Question

There are two types of fertilizers F₁ and F₂. F₁ consists of 10% nitrogen and 6% phosphoric acid and ​F₂ consists of 5% nitrogen and 10% phosphoric acid. After testing the soil conditions, a farmer finds the she needs atleast 14 kg of nitrogen and 14 kg of phosphoric acid for her crop. If F₁ costs ₹6/kg and F₂ costs ₹5/kg, determine how much of each type of fertilizer should be used so that the nutrient requirements are met at minimum cost. What is the minimum cost? 

Answer 1

Suppose x kg of fertilizer F₁ and and y kg of fertilizer F₂ is used to meet the nutrient requirements.

F₁ consists of 10% nitrogen and F₂ consists of 5% nitrogen. But, the farmer needs atleast 14 kg of nitorgen for the crops.

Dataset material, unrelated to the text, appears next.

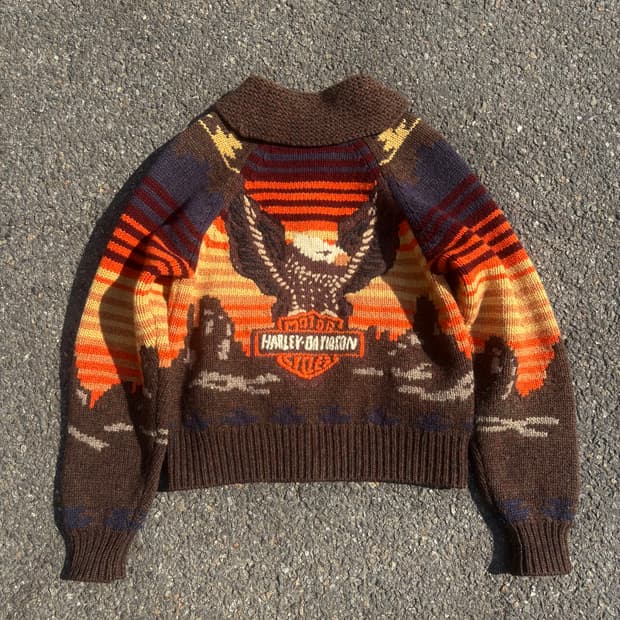 90s 할리데이비슨 카우하이드 싱글 라이더 자켓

∴ 10% of x kg + 5% of y kg ≥ 14 kg

\[\Rightarrow \frac{x}{10} + \frac{y}{20} \geq 14\]
\[ \Rightarrow 2x + y \geq 280\] 

Similarly, F₁ consists of 6% phosphoric acid and F₂ consists of 10% phosphoric acid. But, the farmer needs atleast 14 kg of phosphoric acid for the crops.

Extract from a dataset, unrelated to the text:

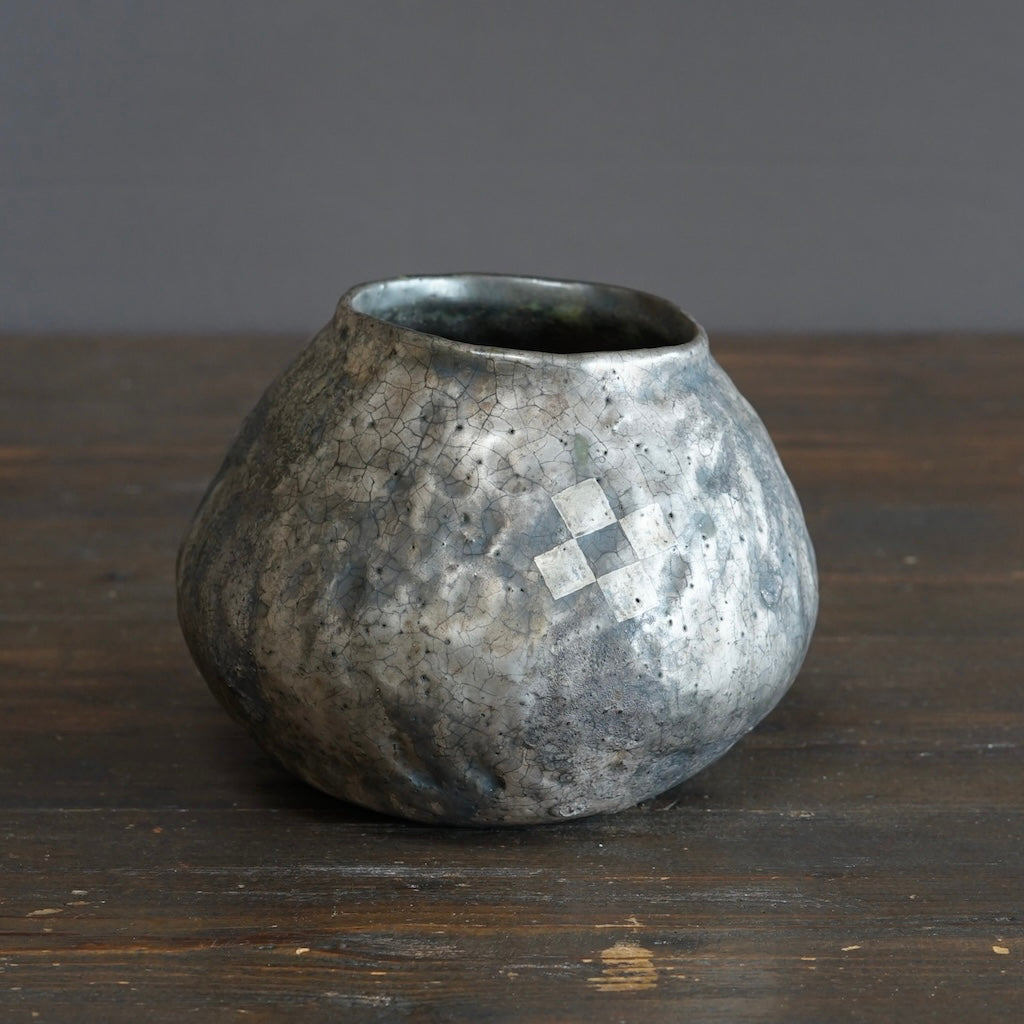 Silver TEBINERI Flower Vase #HT509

∴ 6% of x kg + 10% of y kg ≥ 14 kg

\[\Rightarrow \frac{6x}{100} + \frac{10y}{100} \geq 14\]
\[ \Rightarrow 3x + 5y \geq 700\]
The cost of fertilizer F₁ is ₹6/kg and fertilizer F₂ is ₹5/kg, therefore, total cost of x kg of fertilizer F₁ and and y kg of fertilizer F₂ is ₹(6x + 5y).

Thus, the given linear programming problem is

Minimise Z = 6x + 5y

subject to the constraints

2x + y ≥ 280

3x + 5y ≥ 700

x, y ≥ 0

The feasible region determined by the given constraints can be diagrammatically represented as,

The coordinates of the corner points of the feasible region are \[A\left( \frac{700}{3}, 0 \right), B ( 100,80 )   \text{ and C }( 0,280 )\] .

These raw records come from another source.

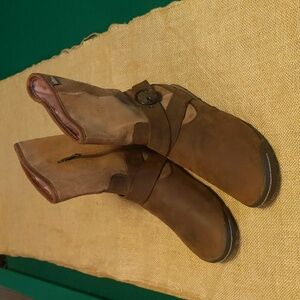 Simple Women's Suede Leather Boots Sz 8.5, Brown, Excellent Condition, No Box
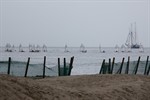 Kleine Segler auf der Ostsee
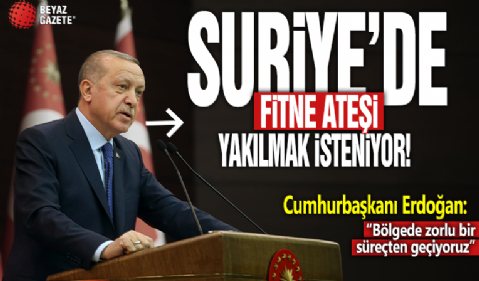 Cumhurbaşkanı Erdoğan'dan açıklamalar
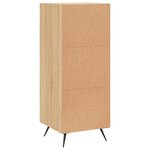 vidaXL Buffet Chêne sonoma 34 5x34x90 cm Bois d'ingénierie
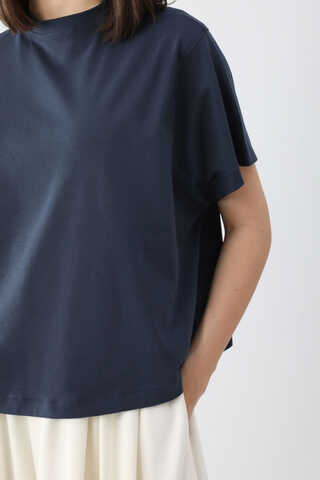 Pamuklu Kısa Kollu Tişört Lacivert - 5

The value of the objective function at these points are given in the following table.

Corner Point	Z = 6x + 5y
\[\left( \frac{700}{3}, 0 \right)\]	\[6 \times \frac{700}{3} + 5 \times 0 = 1400\]
(100, 80)	6 × 100 + 5 × 80 = 1000 → Minimum
(0, 280)	6 × 0 + 5 × 280 = 1400

The smallest value of Z is 1000 which is obtained at x = 100, y = 80.

It can be seen that the open half-plane represented by 6x + 5y < 1000 has no common points with the feasible region.

So, the minimum value of Z is 1000.

Hence, 100 kg of fertilizer F₁ and and 80 kg of fertilizer F₂ should be used so that the nutrient requirements are met at minimum cost. The minimum cost is ₹1,000.